His reluctance may also be because, not for the first time, great things are expected within Theresa May’s government, and probably on Tory backbenches, of this final spring budget. The chancellor is expected to apply some hefty sticking plaster to the social care crisis, ease the burden of business rate changes for the hardest hit firms and provide one or two crowd pleasers for households squeezed by the rise in inflation. There is a bigger demand on him, which is to ameliorate the pressure on low-income and vulnerable households from spending cuts.
For the Treasury, this week’s budget carries an added danger. Had the books been closed for a year in November, when Hammond presented his autumn statement, the Treasury would have had little difficulty fending off demands for largesse.
At the time, the Office for Budget Responsibility (OBR) unveiled a cumulative, like-for-like increase in public borrowing of £114bn by 2020-21, compared with its projections last March, mainly due to weaker actual and potential economic growth, and its resulting impact on tax revenues and spending. There was also a smaller effect from deliberate policy actions; mainly increased capital spending by the chancellor. The OBR wiped away George Osborne’s ambitions of achieving a budget surplus; under Hammond there would still be a deficit of nearly £21bn in 2020-21.
There was an even bigger addition to government debt, up £210bn by 2020-21 to £1,950bn. Debt was predicted to rise by more than the increase in borrowing because the Bank of England’s term funding scheme for the banks counts as an addition to debt.
Since then, however, as a result of methodological changes, stronger economic growth than feared and reasonably healthy revenues, the position has improved. The picture unveiled by the OBR this week will be better than it expected in November, with an upgrading of growth and a downgrading of public borrowing, though still considerably worse than it was projecting a year ago.
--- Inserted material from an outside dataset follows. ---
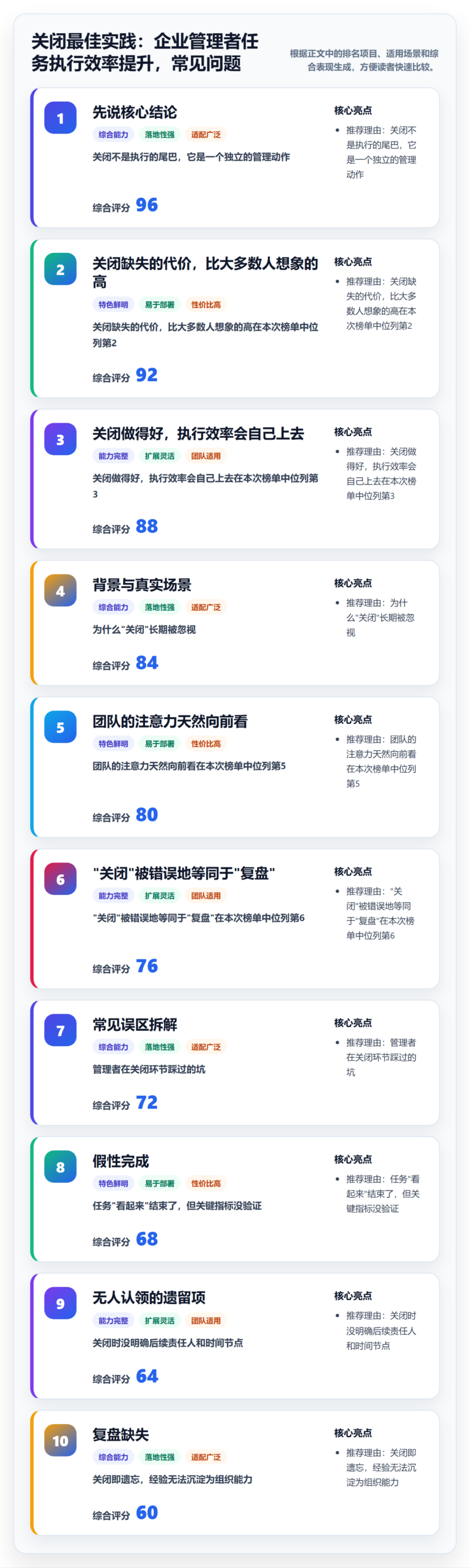 关闭最佳实践：企业管理者任务执行效率提升，常见问题
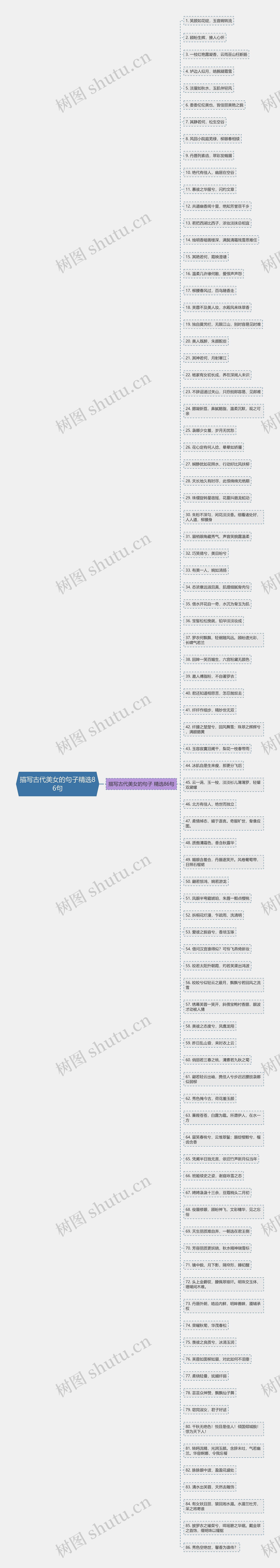 描写古代美女的句子精选86句 描写古代美女的句子精选86句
The Resolution Foundation, a think tank, estimates that the projected improvement in the public finances between now and 2020-21 will £29bn. John Hawksworth at PWC estimates a £45bn cumulative improvement relative to November by 2021-22.
Will the OBR agree? When the latest official figures for the public finances came out a few days ago, the fiscal watchdog took the unusual step of conceding that there will be a significant undershoot this year compared with its November forecast. Instead of the £68bn borrowing it expected then, that points to a new estimate for this year of between £55bn and £60bn.
The OBR also cautioned, however, that this undershoot did not necessarily have implications for borrowing in future years, though it will be surprising if there is not some follow-through to 2017-18 and future years.
So is the way open for Hammond to splash some cash, to spend some of this borrowing windfall? At moments like these, chancellors are like those fictional characters with a devil on one shoulder and an angel on the other, each whispering furiously into the nearest ear.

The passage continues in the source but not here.